You can also purchase a solar adapter here.
Installing the Energy Meter
To install the current transformers to measure current, your breaker panel must be opened to clamp them around your mains wires. High voltage AC power is VERY dangerous! If you are not comfortable working around AC voltage, we strongly encourage you to hire a qualified electrician.
The Split-Single Phase Energy Meter should be installed by a qualified professional, and in compliance with all local electrical codes that apply. CircuitSetup, and its parent company Sugarman Studios, LLC, cannot be held liable for damages or injury incurred by incorrectly installing the Split-Single Phase Energy Meter.
- Decide where to mount the energy meter. We recommend installing the box outside of your panel for a better WiFi signal. The current transformer wires will need to be passed through a grommet in the side of the panel It is against NEC code (US) to not route wires going in or out of an electrical panel through a grommet.
- The AC Transformer should be plugged into an outlet close to the panel. If you do not have one close, it is recommended that you have one installed by a licensed electrician. It isn't absolutely necessarty that the outlet is close to the panel, but it will give you more accurate readings.
Plug in the AC Transformer
Take note of the side of the split phase that the breaker for the AC transformer is on. This is important for connecting the CTs in the correct direction (see below section) 3. If you wish to read the voltage from both sides of your panel :
- Hook up a second AC transformer to a single pole breaker, or a second outlet, that is wired to the opposite phase of the first AC transformer. If the breaker for the first outlet is on the left of your panel, you will need to wire the second AC transformer or outlet to a breaker on the right of the panel (single split phase breaker panels)
- Sever jumper JP3 on the back of the energy meter before hooking up the second AC transformer.

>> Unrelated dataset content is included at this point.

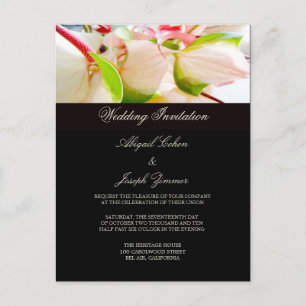 Cartões Postais de Convite de Casamento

- Solder 2 pin headers, or a female pigtail that matches your second AC transformer plug, to the left of the main AC power plug labeled GND and VC+.
- Hook up the second AC transformer to the “GND” (neutral) and “VC+” pins. You want the wire that is intended to be neutral for the AC transformer to go on the GND terminal of the meter. This wire usually has a white stripe on it. If the wires are swapped the 2 AC transformers will be in phase, and your current readings will output as negative.
Connect Current Transformers to the energy meter
Before connecting the current transformers around your mains wires, plug them into the energy meter.
If your current transformers (CTs) have 3.5mm phono connectors, you hopefully have the version of the Energy Meter with these connections (v1.3+ has footprints for both). If you have the screw connectors, the phono connectors will have to be cut off. There should only be two wires regardless. For the screw connector version, be careful to connect the positive to the correct terminal. If these are reversed, things will not be damaged, but the reading will read negative.
If your current transformers have a built-in burden resistor, sever the jumpers on the back of the board to disable the 12ohm burden resistors. Alternatively, if you are reading smaller loads and would like more accurate readings, you can insert your own higher value burden resister across the positive and negative screw terminals.
If you purchased an energy meter kit with the black SCT016 current transformers, or have the blue SCT-013-000, these do not have a built-in burden resistor, but have a TVS diode instead.
Connect Current Transformers to your mains
- Note the direction of the arrows on the top of the current transformers.
- If you are measuring 1 voltage (the default configuration):
- CT1 should be on the same side of the split phase as the breaker for the plug that the AC transformer is plugged into, and should point in the direction of the current flowing into your house.
- CT2 should point in the opposite direction as CT1. Note: If you are measuring a second voltage with the VC+ input this CT will go in the same direction as the first.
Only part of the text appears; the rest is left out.